Comment by 0xbadcafebee

3 days ago

With only 10 large metro-areas destroyed, there are still other very large cities and metro areas. Phoenix, Houston, San Antonio, Dallas, Fort Worth, Jacksonville, all have over 1M people. San Jose, Austin, Charlotte, Columbus, Indianapolis, Seattle, Denver, Oklahoma City, Nashville, all have from 700K-1M. And there's 20 more with 500K+ people. We have a big-ass country. Military and national guard are spread all over, as well as "industry" that is tapped in time of war (we don't have much of it left, but enough to be useful)

I'm not defending whatever OP's point was, I'm just saying we would have a whole lot of people left. Very few resources, and very poorly distributed, but a lot of people. If we lost 40% of the population it would still be a lot of people.

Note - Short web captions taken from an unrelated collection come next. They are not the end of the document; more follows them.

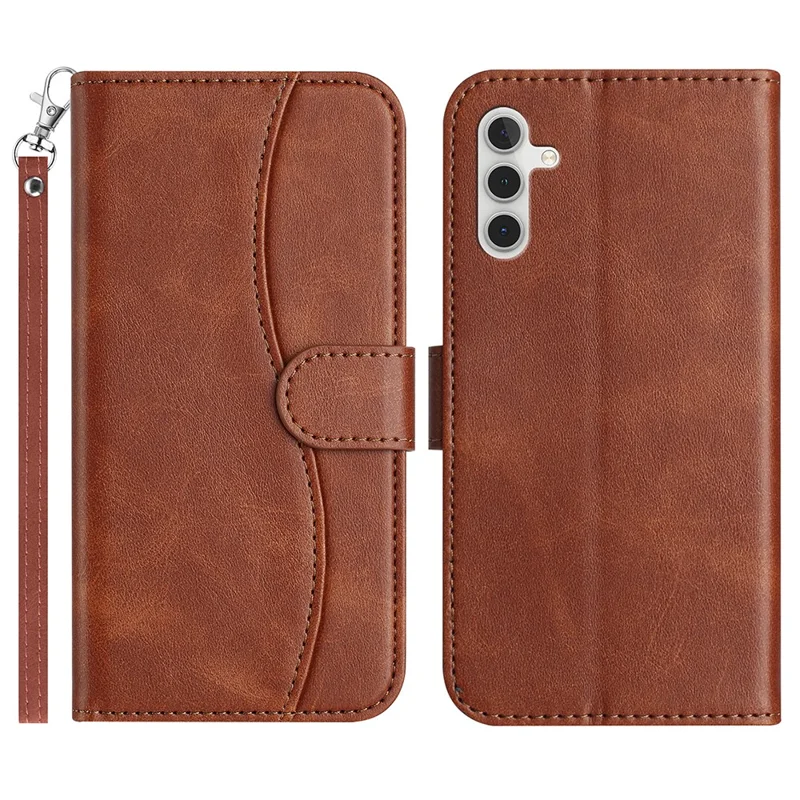For Samsung Galaxy A17 5G / A17 4G / A26 5G Stand Case with Strap PU Leather Wallet Phone Cover S Shape Stitching Design - Coffee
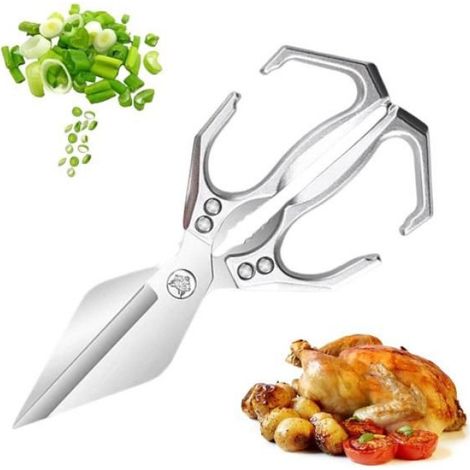 Ciseaux Cuisine - Acier Inoxydable 420 - Multifonctionnels Pour Viande Volaille Herbes Emballages - 1 Pièce (1/5)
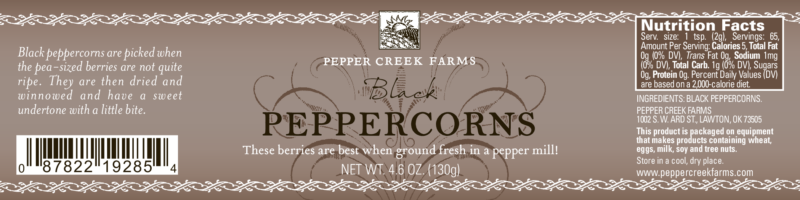 Pcf Med Of Black Peppercorn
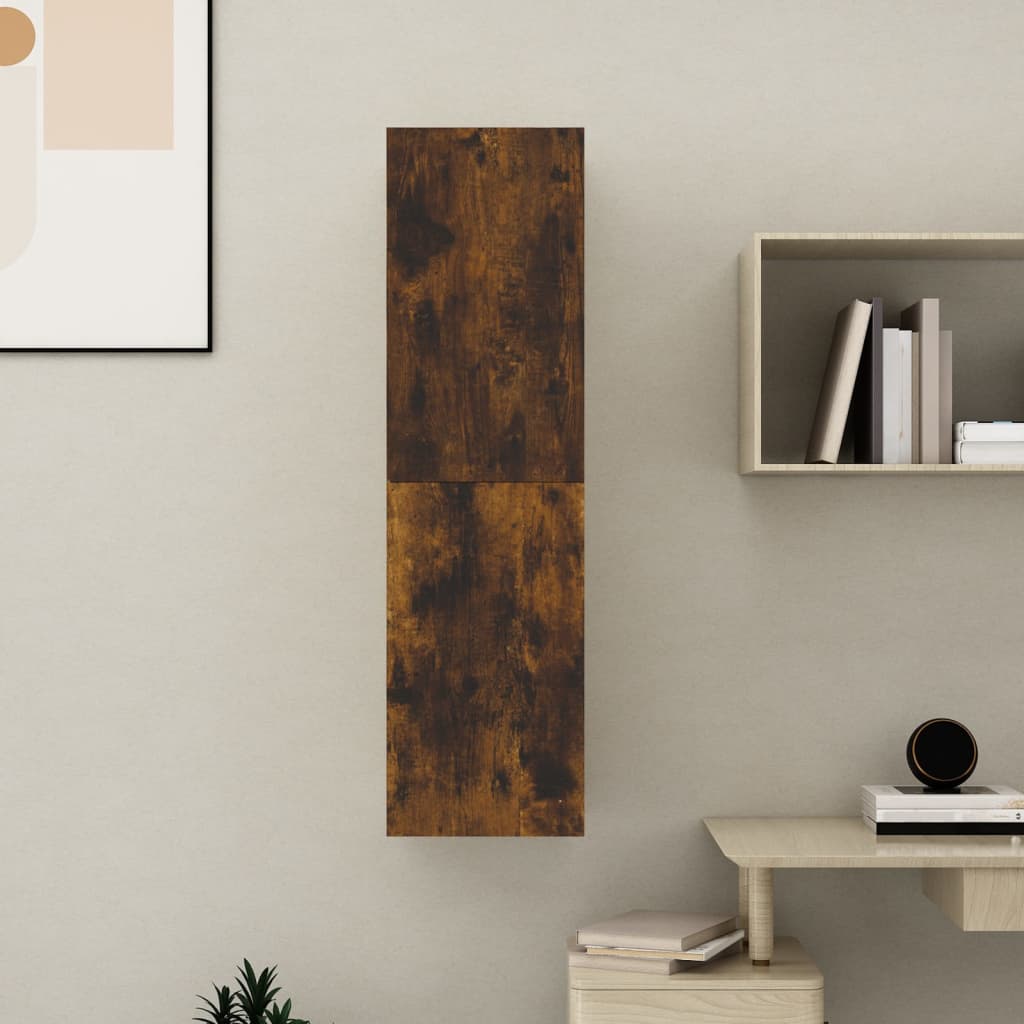 füstös tölgy színű falra szerelhető TV-szekrény 30,5x30x110 cm
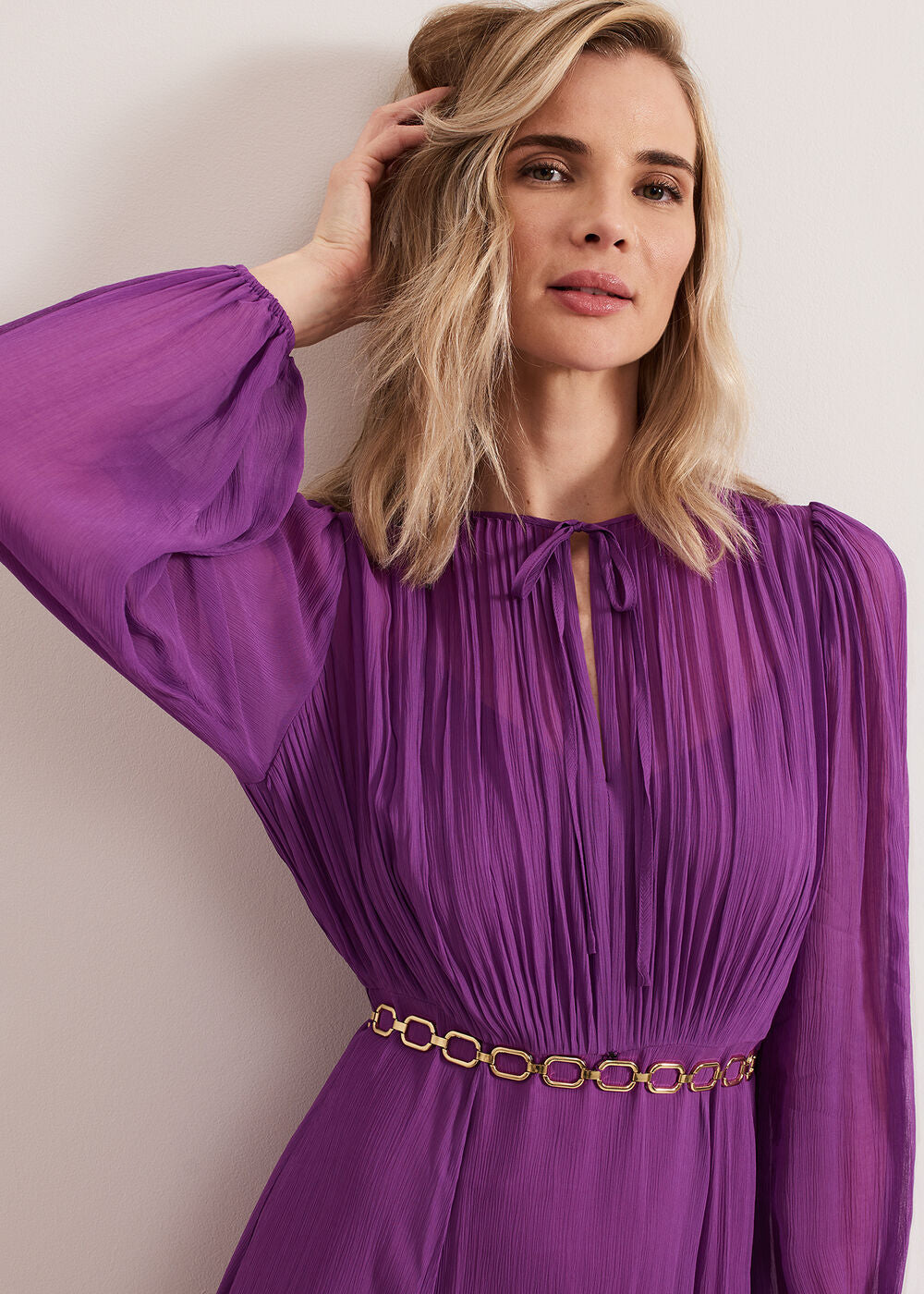 Amal Pleated Dress - Purple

I think the 10 U.S. metro number itself is somewhat arbitrary here. It’s impossible to say precisely without looking at all parties’ deployed warhead counts and operational plans, but I have seen estimates that put the number of direct casualties over 100 million. (Russia and the United States each have well over 1000 warheads deployed.)

I do accept that towns far from both major metropolitan areas and high value military targets could survive. However, the short term social impact of supply shortages and the longer term agricultural effects of atmospheric changes are difficult to predict.